John Vollmer. Mr. Vollmer has served as the chairman and non-voting member of the board of managers of the general partner of Amentum Joint Venture LP since 2022. Previously, Mr. Vollmer served as chief executive officer of Amentum, as president of the AECOM Management Services Group and as group and executive vice president and chief operating officer of URS Corporation Federal Services. Additionally, Mr. Vollmer serves as a director on the board of directors of Yellow Ribbon Fund Inc., a 501(c)(3) non-profit organization that supports wounded service members and their families.

Connor Wentzell. Mr. Wentzell is currently a principal of American Securities LLC and a member of the board of managers of the general partner of Amentum Joint Venture LP. Mr. Wentzell has worked at American Securities LLC since 2014. Mr. Wentzell also serves as a director of American Securities LLC portfolio companies, including currently serving as a director of Learning Care Group. Previously, he served as a director of Blue Bird Corporation (NASDAQ: BLBD). Mr. Wentzell brings more than 10 years of private equity investing and director experience to our board of directors.

About Amentum After Closing

Amentum is a global leader in advanced engineering and innovative technology solutions, trusted by the United States and its allies to address their most significant and complex challenges in science, security and sustainability. Our people apply undaunted curiosity, relentless ambition and boundless imagination to challenge convention and drive progress. Our commitments are underpinned by the belief that safety, inclusion and well-being are integral to success.

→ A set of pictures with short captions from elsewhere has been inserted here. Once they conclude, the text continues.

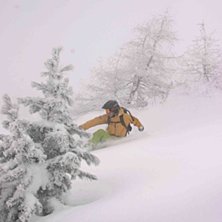 Underbar flatljus&aring;kning efter sn&ouml;fall...leker si. Foto: Victor Apelgren. &Aring;kare: Per Lind.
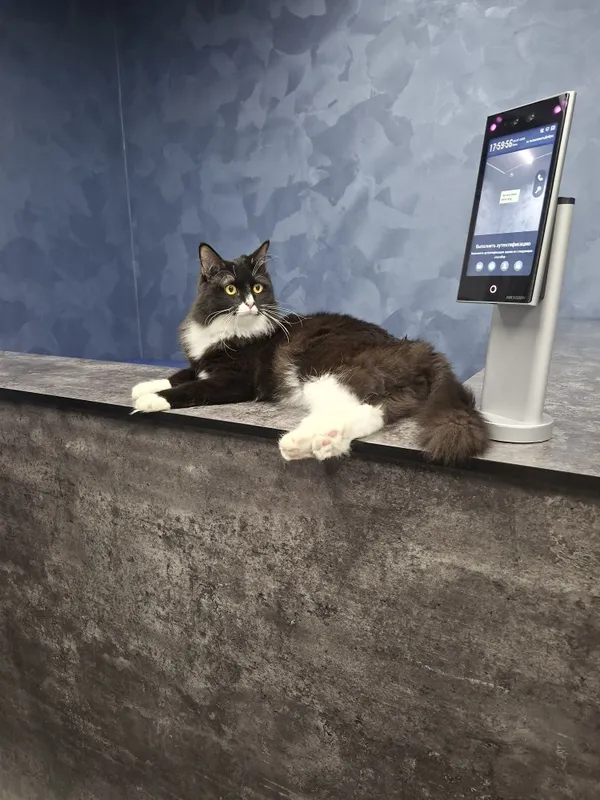 Котик мальчик кастрат 1 Котик мальчик кастрат 1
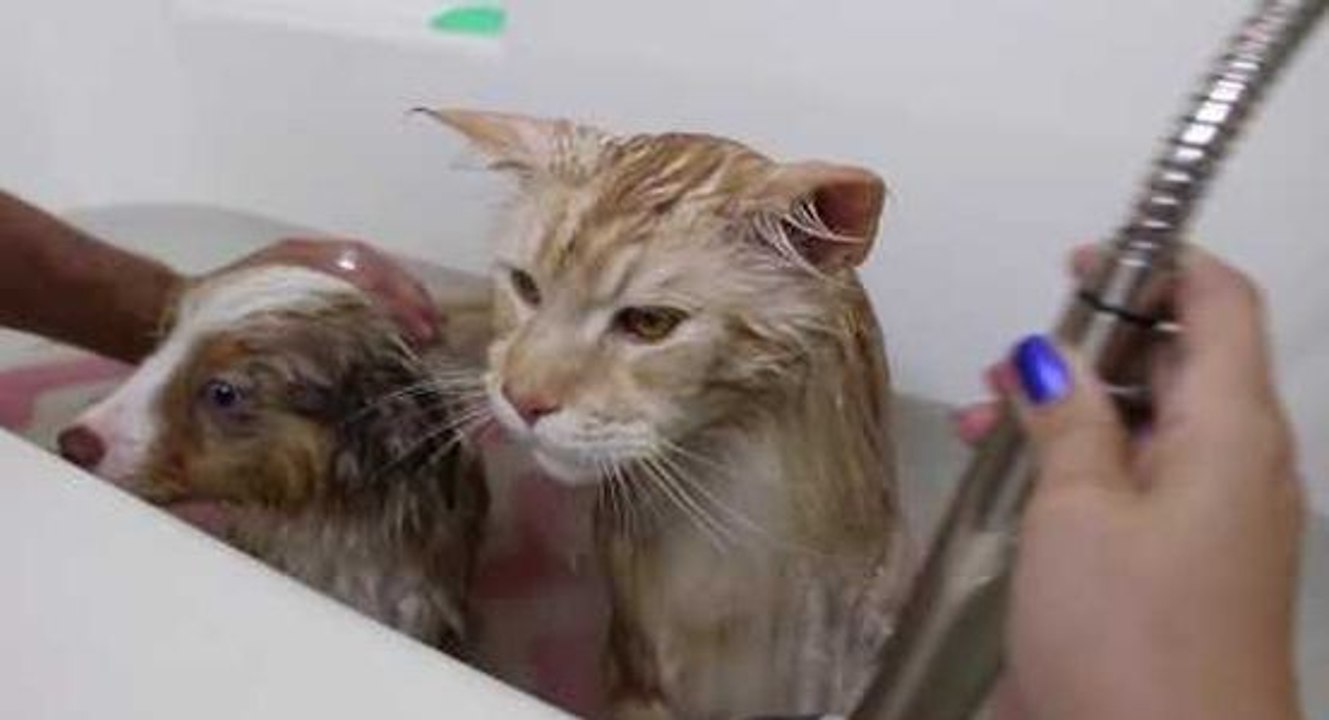 Un chat et un chiot prennent un bain ensemble !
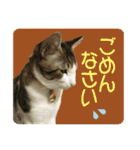 ビビ＆カカ4（個別スタンプ：25）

Headquartered in Chantilly, Virginia, we will have more than 53,000 employees in approximately 80 countries across all 7 continents.

Amentum is expected to begin regular-way trading on the NYSE as “AMTM” on Monday, September 30, 2024.

Forward Looking Statements

This press release contains or incorporates by reference statements that relate to future events and expectations and, as such, constitute forward-looking statements under the securities laws, including statements regarding the Reverse Morris Trust transaction (the “transaction”), as described in the information statement filed as Exhibit 99.1 to Amendment No. 4 to Form 10 of Amazon Holdco Inc., filed with the Securities and Exchange Commission (the “SEC”) on September 13, 2024 (the “information statement”). These forward-looking statements generally are identified by the words “believe,” “project,” “expect,” “anticipate,” “estimate,” “forecast,” “outlook,” “target,” “endeavor,” “seek,” “predict,” “intend,” “strategy,” “plan,” “may,” “could,” “should,” “will,” “would,” “will be,” “will continue,” “will likely result,” or the negative thereof or variations thereon or similar terminology generally intended to identify forward-looking statements. All statements, other than historical facts, including, but not limited to, statements regarding the expected timing of the transaction, the ability of Jacobs Solutions Inc., Amazon Holdco Inc. and Amentum Parent Holdings LLC to complete the transaction, the individuals who are expected to become members of the Board of Directors of Amentum Holdings, Inc. (the “Company”) after the closing of the transaction, the expected benefits of the transaction, including future financial and operating results and strategic benefits, the tax consequences of the transaction, the plans of the Company following the transaction and the Company’s objectives, expectations and intentions, applicable legal, economic and regulatory conditions, and any assumptions underlying any of the foregoing, are forward-looking statements.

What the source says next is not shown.